If your timing allows before you head fully toward the airport, make a quick stop at Dilli Haat, INA for a final Delhi snack and a solo browse through the handicraft stalls. It’s especially nice in the late afternoon when the light softens and the crowds are manageable. You can grab chaat, momos, or a quick regional plate without spending much — usually ₹100–300 depending on what you order. It’s also one of the easiest places in the city for a short, self-contained wander, with easy access back toward the airport corridor.
For a filling, no-fuss pre-flight meal, head to Andhra Bhavan Canteen in Connaught Place. This is one of the best value meals in central Delhi — expect around ₹150–300 for a substantial thali, served fast and usually with a steady stream of office-goers and solo diners. It’s simple, clean, and perfect if you want something dependable before a trip. If you still need to kill a little time afterward, swing by Aero City Walk / Worldmark Aerocity for coffee, a pharmacy run, an ATM, or any forgotten travel essentials before making your way to the terminal.

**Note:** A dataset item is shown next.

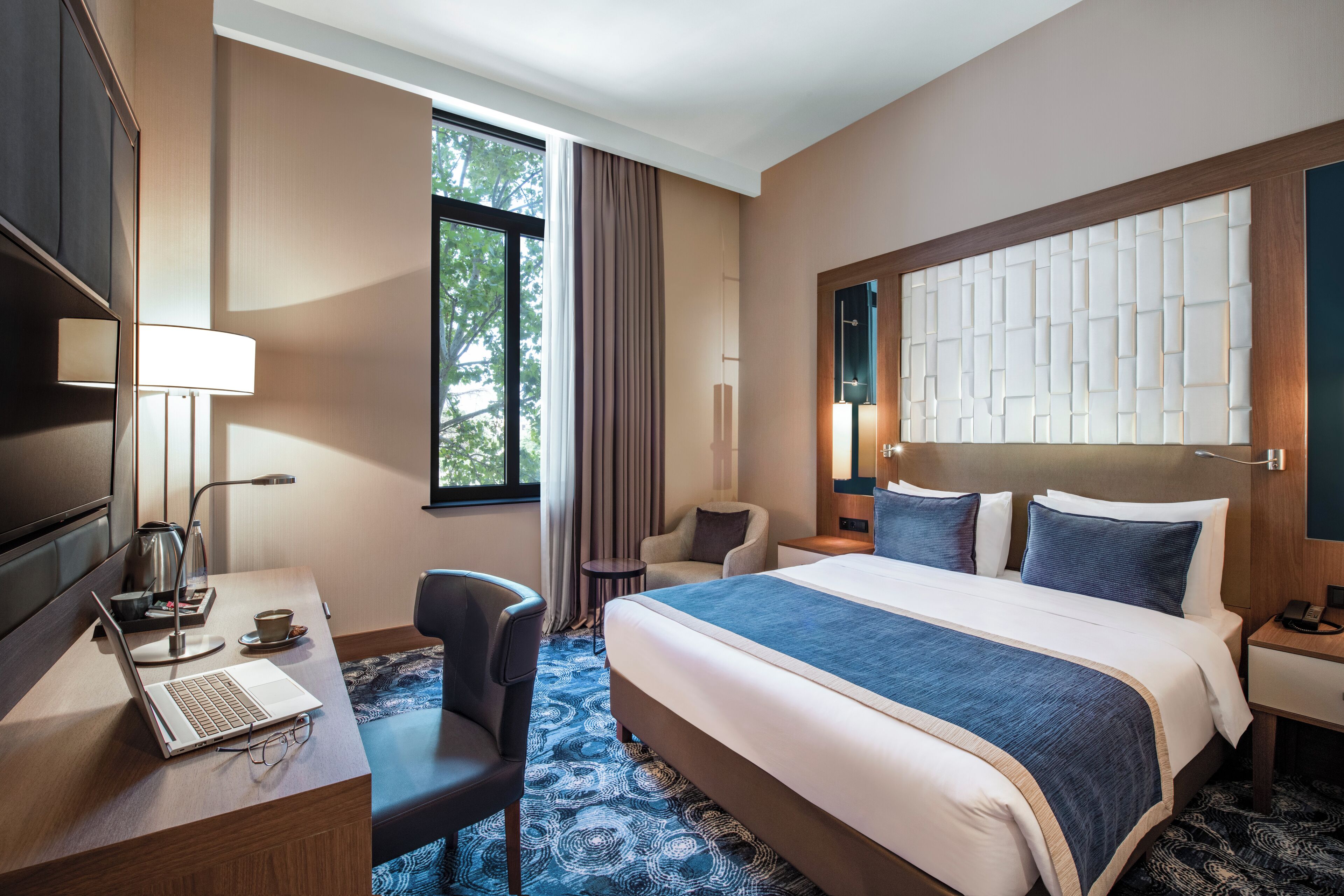 Une chambre d’hôtel avec un lit, un bureau, une chaise et une grande fenêtre.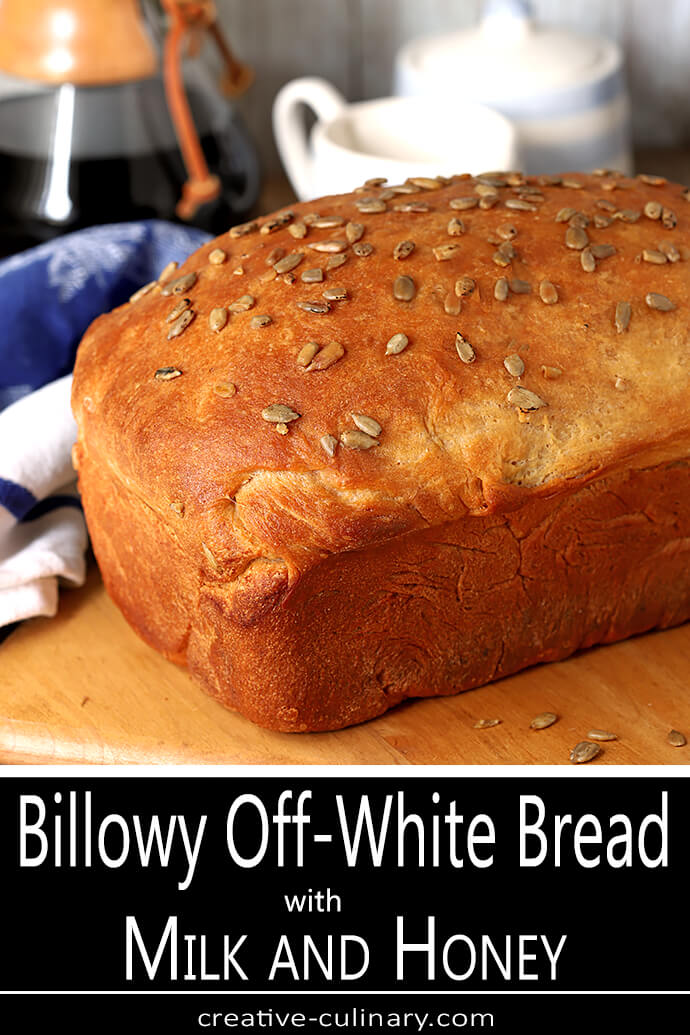 Loaf of Billowy Off-White Bread with Sunflower Seeds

For tonight, keep your luggage compact and your plan flexible — Delhi traffic can flip quickly between manageable and annoying, especially around INA, Connaught Place, and the airport road. Use Uber or Ola for the final airport run, and leave a little extra time if you’re traveling during peak evening hours. A calm, early start tomorrow will make the Delhi-to-Meghalaya leg feel much smoother.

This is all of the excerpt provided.